## Assignment:
Your copy should begin at the line containing "White Truck is" and end at the last line of the records; transcribe those lines exactly and leave out every picture.

## Material for this exercise:
-*-*-
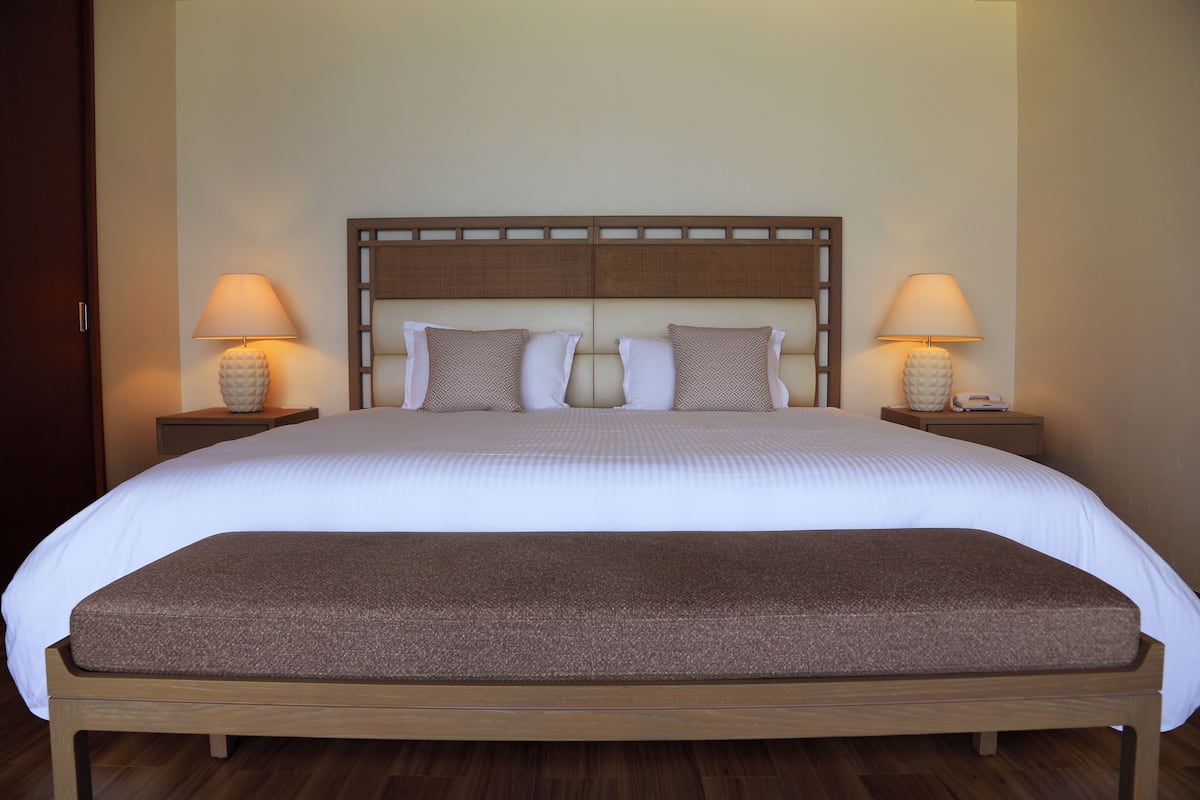 A large bed with a wooden headboard, two bedside tables with lamps, and a bench at the foot of the bed.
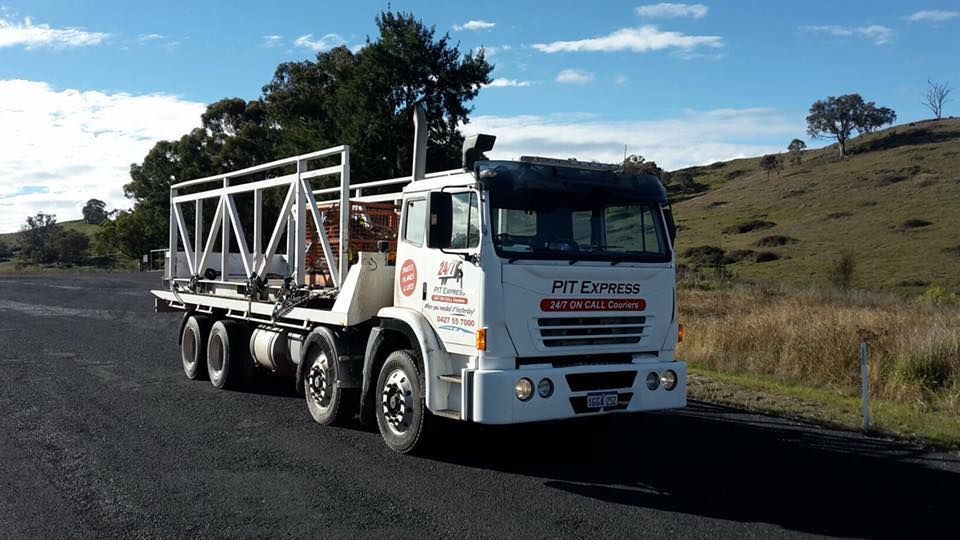 White Truck is Parked on the Side of the Road — Pit Express in Beresfield, NSW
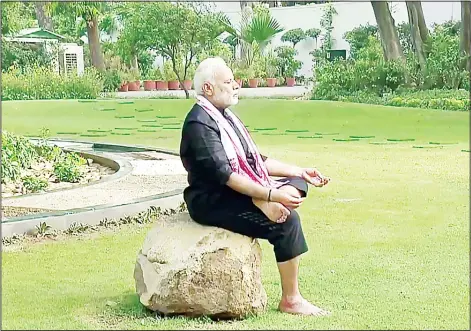  ??  ?? This screenshot taken from a video posted on India Prime Minister twitter handle, shows Indian Prime Minister Narendra Modi performing yoga following a fitness
challenge in New Delhi on June 13. (AFP)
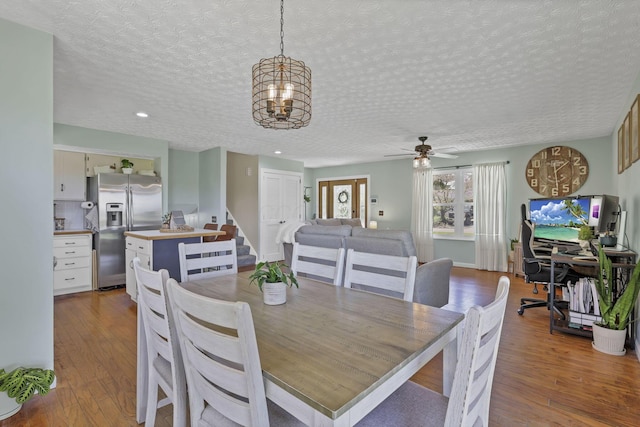 dining area with recessed lighting, a textured ceiling, ceiling fan with notable chandelier, and wood finished floors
-*-*-
## Written reply:
 White Truck is Parked on the Side of the Road — Pit Express in Beresfield, NSW
  ??  ?? This screenshot taken from a video posted on India Prime Minister twitter handle, shows Indian Prime Minister Narendra Modi performing yoga following a fitness
challenge in New Delhi on June 13. (AFP)
 dining area with recessed lighting, a textured ceiling, ceiling fan with notable chandelier, and wood finished floors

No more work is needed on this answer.